Oggi è membro del Gruppo dei Saggi dell’Unione africana e docente della prestigiosa Science Po di Parigi, Dipartimento d’Affari Internazionali. Uomo del dialogo, di altissimo profilo internazionale, mai toccato da scandali o corruzione, c’è da scommettere che avrà un ruolo chiave in questi lunghi mesi di transizione che attendono l’Algeria, se saprà arpeggiare le note del cambiamento, come richiesto ancora a gran voce attraverso i social.

Ma come dichiara a Le Monde Olivier Appert, direttore del Centre Energie dell’Ifri, Istituto francese delle relazioni internazionali, il cambiamento deve passare anche attraverso l’economia. “L’Algeria è malata di petrolio”, titola il servizio, e non ha saputo trovare alternative ad una economia basata quasi esclusivamente sullo sfruttamento del sottosuolo.
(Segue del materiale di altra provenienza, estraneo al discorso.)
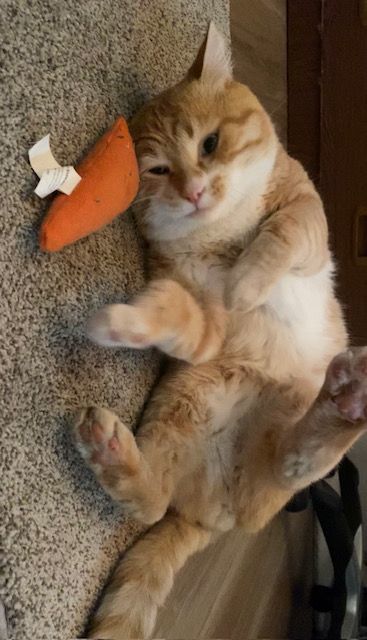 CHAKO MARU, Adopted, Adult Male Domestic Short Hair.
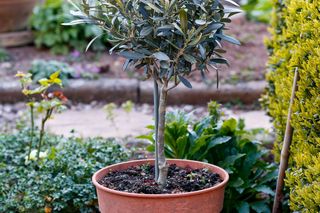 Drzewko oliwne w doniczce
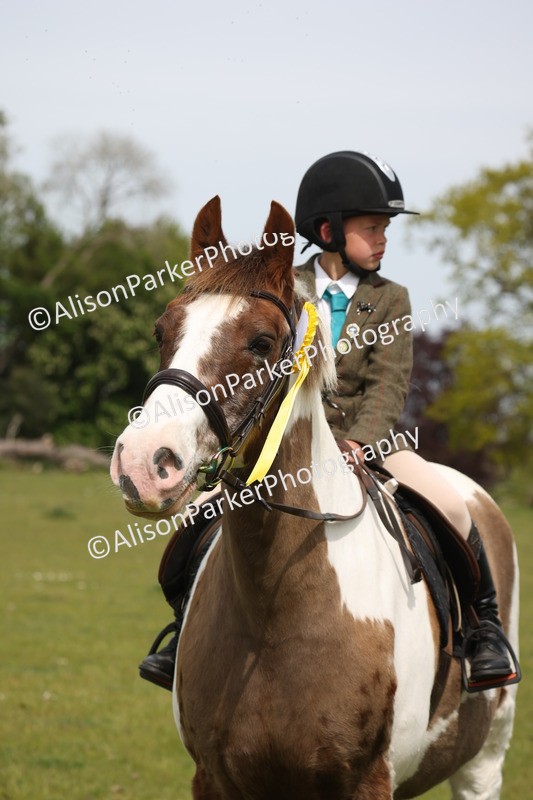 20260426-4433 - Class 34 - Best Riding Horse Over 14.2hh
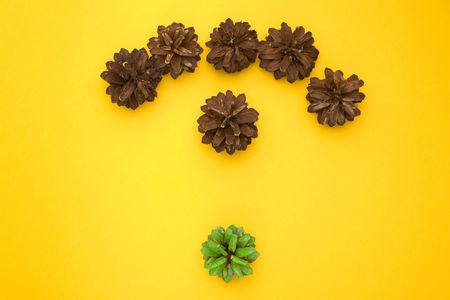 One green conelet opposing to other sixの写真素材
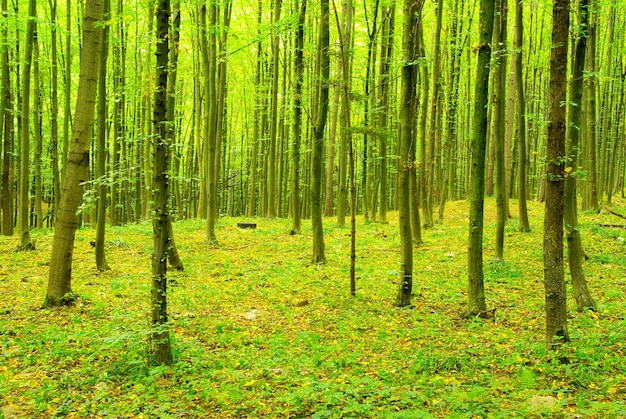 Groene bosachtergrond op een zonnige dag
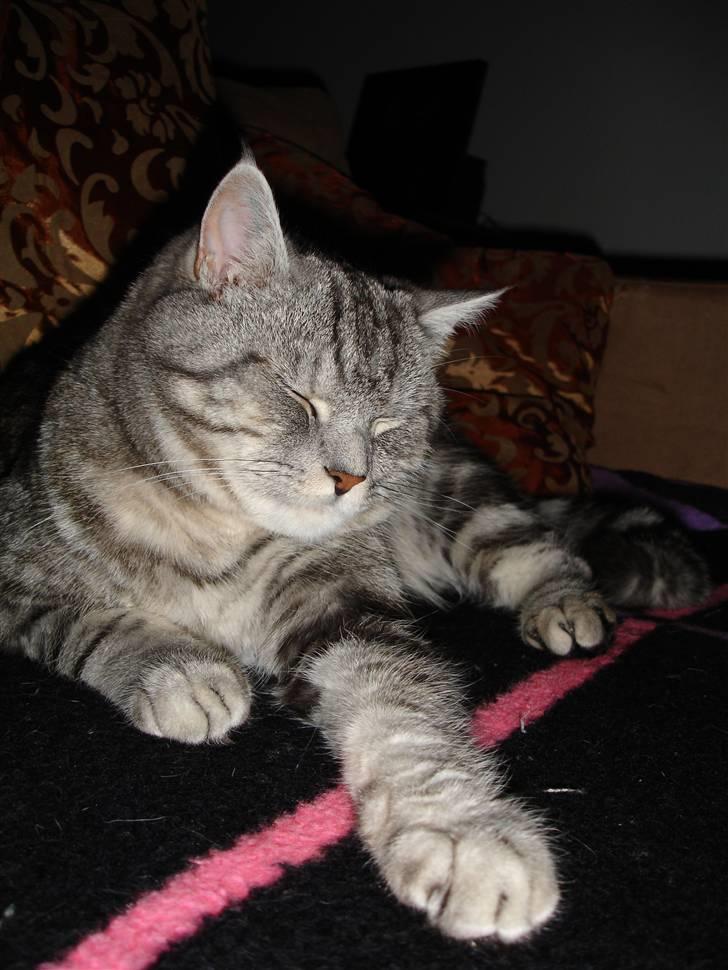 Blanding af racer Bufas billede 2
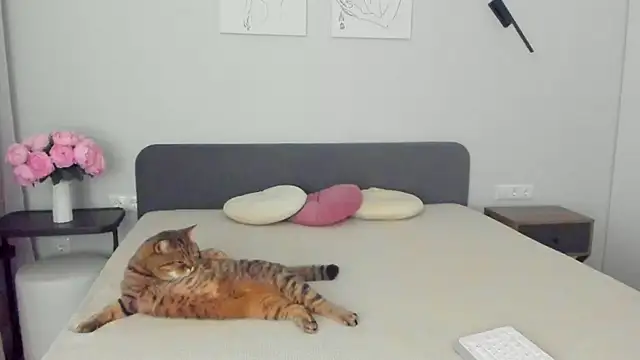 Snapshot of miss_emily_ chatting on April 10, 2026, 11:23 pm miss emily online show from April 10, 2026, 11:23 pm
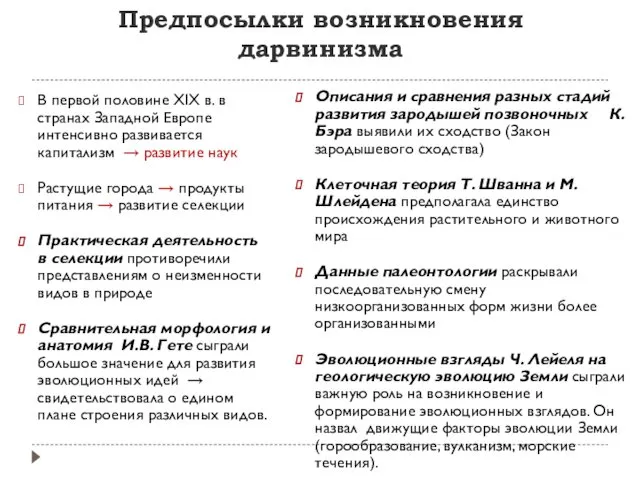 Предпосылки возникновения дарвинизма В первой половине XIX в. в странах Западной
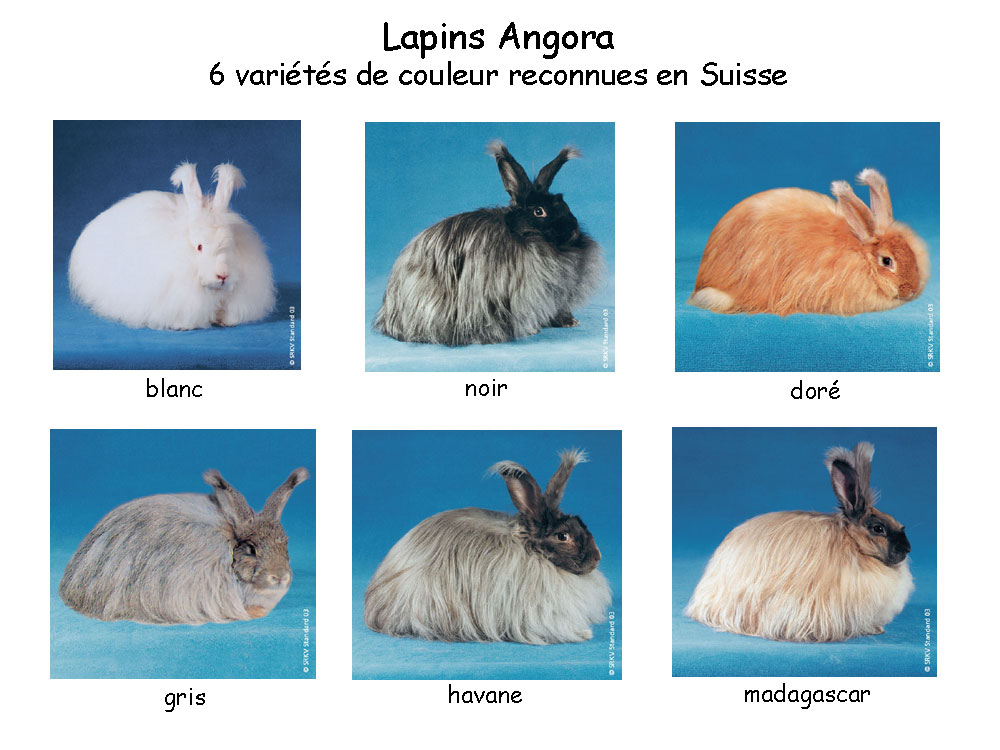 http://www.cuniculture.info/Docs/Phototheque/PhotosLapins/races-en-suisse/5-a-poil_%B1_long/Angora-6-couleurs.jpg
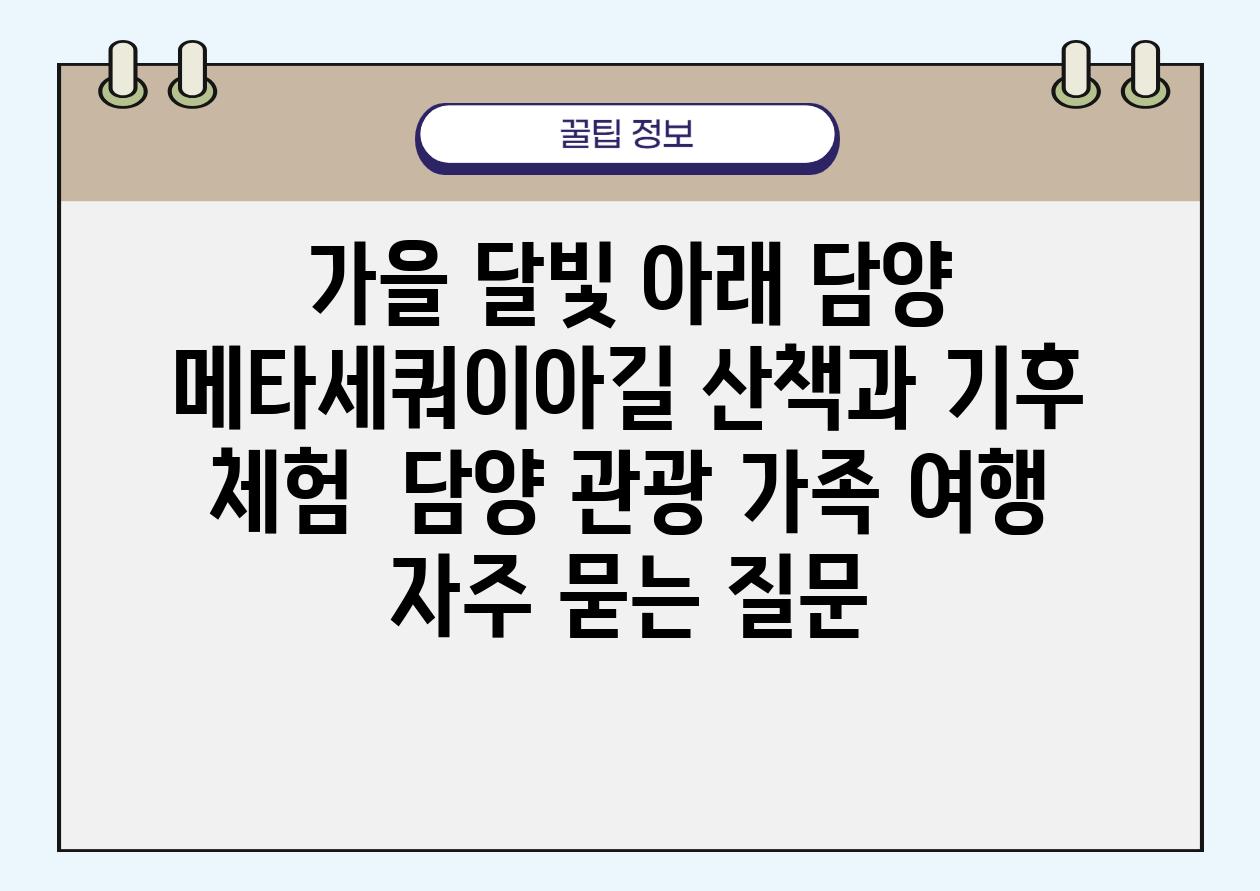 가을 달빛 아래, 담양 메타세쿼이아길 산책과 기후 체험 | 담양 관광, 가족 여행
Un quarto del Pil, il 95% delle esportazioni derivano dal petrolio, la cui resa è calata in dieci anni (2007-2017), sia in termini quantitativi, passando da 2 milioni al giorno a 1,5 milioni al giorno, che remunerativi, da 120 dollari al barile nel 2014, a 30-40 alla fine del 2015. Mutamenti legislativi disomogenei non avrebbero migliorato la situazione: le tre ultime e differenti leggi sugli idrocarburi avrebbero creato disorientamento tra gli investitori che si sono rivolti altrove.
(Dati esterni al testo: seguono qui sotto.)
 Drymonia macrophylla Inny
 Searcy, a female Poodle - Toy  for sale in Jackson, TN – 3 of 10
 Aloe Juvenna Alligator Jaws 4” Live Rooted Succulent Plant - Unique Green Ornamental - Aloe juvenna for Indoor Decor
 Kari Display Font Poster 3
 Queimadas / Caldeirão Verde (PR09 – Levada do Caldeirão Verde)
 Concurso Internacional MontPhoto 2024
Insomma, grandi speranze sono ora riposte in Brahimi. E la mossa era forse nell’aria da tempo. Non più tardi del settembre scorso, interrogato dal canale “Algerie Monde Infos” su un suo eventuale ritorno sulla scena politica algerina, aveva declinato l’idea per questioni anagrafiche, ma di fronte all’emergenza attuale quelle parole appaiono ormai molto lontane. Del resto, già di fronte alla sfida siriana, Brahimi aveva dichiarato: “Suppongo di essere abbastanza vanitoso da poter pensare che, con l’esperienza che ho, se mi chiedono di intervenire in una situazione del genere non posso rifiutare, anche se sono molto, molto preoccupato per la difficoltà di ciò che devo affrontare”.
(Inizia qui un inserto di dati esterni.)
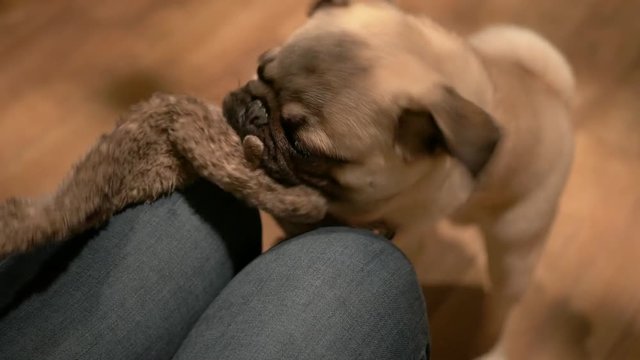 Pug puppy plays tug with dog toy
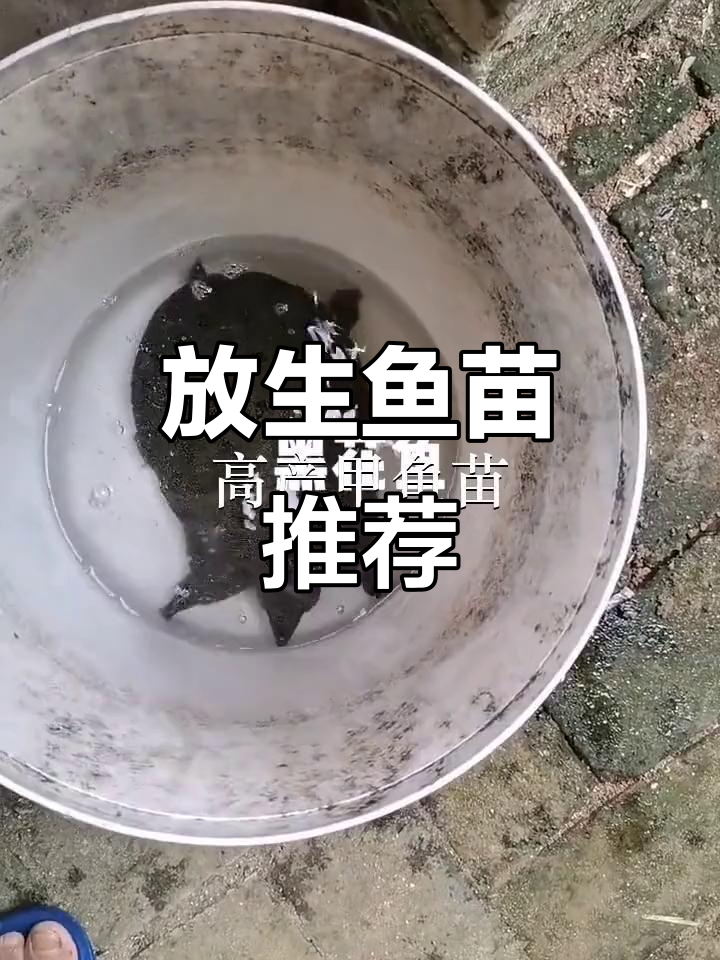 深圳各区鱼苗场,放生首选之地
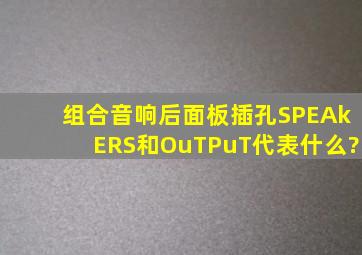 组合音响后面板插孔SPEAkERS和OuTPuT代表什么?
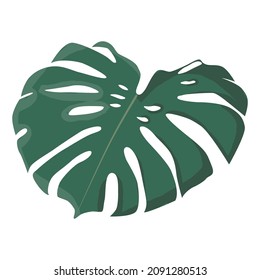 Green monstera leaf flat design sticker. Icon illustration isolated on white background 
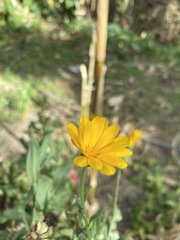 Calendula officinalis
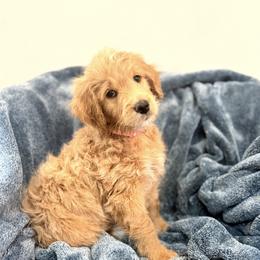 Boy 4 - male Goldendoodle puppy in Ball Ground, Georgia from Skye Blue Goldendoodles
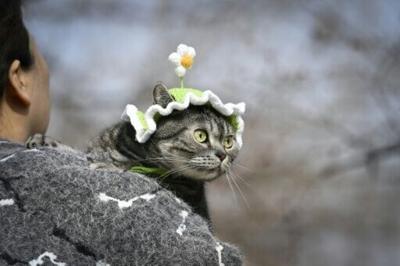 On average in 2025, Chinese households spent more than 3,000 yuan ($435) on each dog and more than 2,000 yuan on each cat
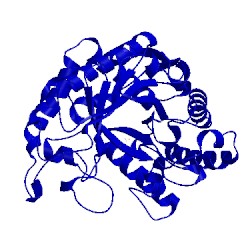 Image of CATH 4yn5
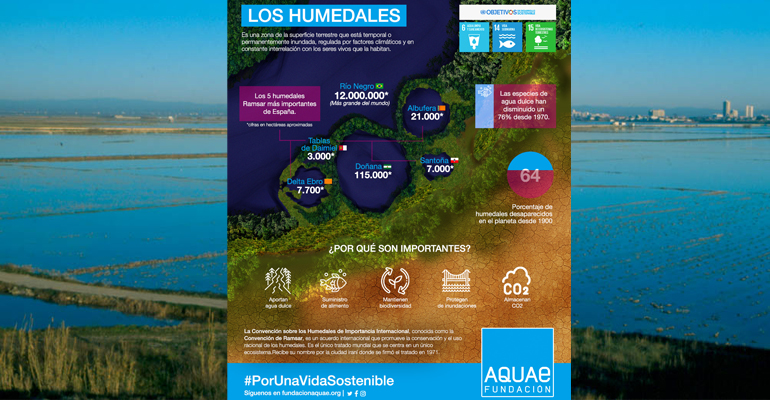 fundacion-aquae-humedales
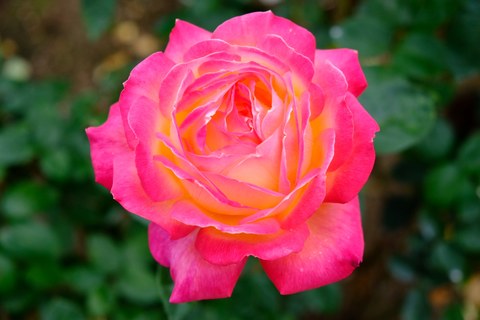 A7eef4b83c2ecbae96bd3797cd2a21cc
Intanto la Francia osserva la situazione con il fiato sospeso. In queste ore, l’algerino Bernard Henri Levy si domanda in un Tweet se “l’Algeria passerà dall’Autunno del Patriarca di Gabriel García Márquez a l’Estate a Tipasa di Camus”, cioè dalla dittatura alla fioritura radiosa a cui la sua terra sarebbe predestinata dalla bellezza classica, quasi mitologica che la contraddistingue. Abbandonando ogni poesia conclude: “Dipenderà dalla mobilitazione degli algerini, ma anche dei pericolosi servizi segreti, che, immagino, non hanno ancora detto la loro ultima parola”.